Work order:
Exactly the lines from the start of the data below through the line containing "in Miami FL" must be returned, and no others.

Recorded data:

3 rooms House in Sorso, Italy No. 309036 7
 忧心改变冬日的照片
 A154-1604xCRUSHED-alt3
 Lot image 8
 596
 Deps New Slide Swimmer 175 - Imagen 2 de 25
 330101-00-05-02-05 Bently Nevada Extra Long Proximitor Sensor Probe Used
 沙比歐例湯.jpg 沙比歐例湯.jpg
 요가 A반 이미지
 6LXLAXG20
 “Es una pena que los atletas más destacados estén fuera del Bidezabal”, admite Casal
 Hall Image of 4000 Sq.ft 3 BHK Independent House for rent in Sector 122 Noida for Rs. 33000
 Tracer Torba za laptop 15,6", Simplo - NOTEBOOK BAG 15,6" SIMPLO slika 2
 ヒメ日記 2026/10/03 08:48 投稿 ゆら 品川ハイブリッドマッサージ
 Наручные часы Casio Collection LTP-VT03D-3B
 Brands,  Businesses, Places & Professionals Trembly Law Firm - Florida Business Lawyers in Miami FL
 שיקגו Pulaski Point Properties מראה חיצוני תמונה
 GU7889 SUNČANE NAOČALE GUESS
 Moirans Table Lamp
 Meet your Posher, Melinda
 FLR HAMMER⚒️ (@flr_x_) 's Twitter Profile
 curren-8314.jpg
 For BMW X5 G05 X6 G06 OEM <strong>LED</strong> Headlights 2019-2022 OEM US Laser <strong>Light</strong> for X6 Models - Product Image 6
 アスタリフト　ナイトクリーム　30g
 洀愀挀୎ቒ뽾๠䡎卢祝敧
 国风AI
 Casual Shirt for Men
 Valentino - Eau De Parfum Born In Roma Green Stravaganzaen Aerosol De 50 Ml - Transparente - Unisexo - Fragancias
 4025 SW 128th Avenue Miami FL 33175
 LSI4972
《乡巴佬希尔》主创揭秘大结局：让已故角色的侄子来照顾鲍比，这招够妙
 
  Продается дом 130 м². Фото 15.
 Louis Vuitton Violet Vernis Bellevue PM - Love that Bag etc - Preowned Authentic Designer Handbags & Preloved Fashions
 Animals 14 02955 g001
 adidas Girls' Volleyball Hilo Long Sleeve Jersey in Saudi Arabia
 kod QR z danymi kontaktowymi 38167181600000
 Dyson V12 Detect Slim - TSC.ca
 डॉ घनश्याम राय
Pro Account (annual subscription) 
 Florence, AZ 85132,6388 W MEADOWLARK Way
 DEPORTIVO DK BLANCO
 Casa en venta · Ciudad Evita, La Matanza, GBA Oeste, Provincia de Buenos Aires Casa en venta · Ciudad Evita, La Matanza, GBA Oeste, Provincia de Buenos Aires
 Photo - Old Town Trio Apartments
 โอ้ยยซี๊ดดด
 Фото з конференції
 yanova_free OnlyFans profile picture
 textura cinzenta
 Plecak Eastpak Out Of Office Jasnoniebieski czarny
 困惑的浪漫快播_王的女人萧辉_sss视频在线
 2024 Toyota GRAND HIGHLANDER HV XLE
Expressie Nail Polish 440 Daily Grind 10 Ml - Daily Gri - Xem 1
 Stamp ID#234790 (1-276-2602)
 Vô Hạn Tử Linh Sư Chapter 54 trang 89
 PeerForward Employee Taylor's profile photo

Completed exercise:
3 rooms House in Sorso, Italy No. 309036 7
 忧心改变冬日的照片
 A154-1604xCRUSHED-alt3
 Lot image 8
 596
 Deps New Slide Swimmer 175 - Imagen 2 de 25
 330101-00-05-02-05 Bently Nevada Extra Long Proximitor Sensor Probe Used
 沙比歐例湯.jpg 沙比歐例湯.jpg
 요가 A반 이미지
 6LXLAXG20
 “Es una pena que los atletas más destacados estén fuera del Bidezabal”, admite Casal
 Hall Image of 4000 Sq.ft 3 BHK Independent House for rent in Sector 122 Noida for Rs. 33000
 Tracer Torba za laptop 15,6", Simplo - NOTEBOOK BAG 15,6" SIMPLO slika 2
 ヒメ日記 2026/10/03 08:48 投稿 ゆら 品川ハイブリッドマッサージ
 Наручные часы Casio Collection LTP-VT03D-3B
 Brands,  Businesses, Places & Professionals Trembly Law Firm - Florida Business Lawyers in Miami FL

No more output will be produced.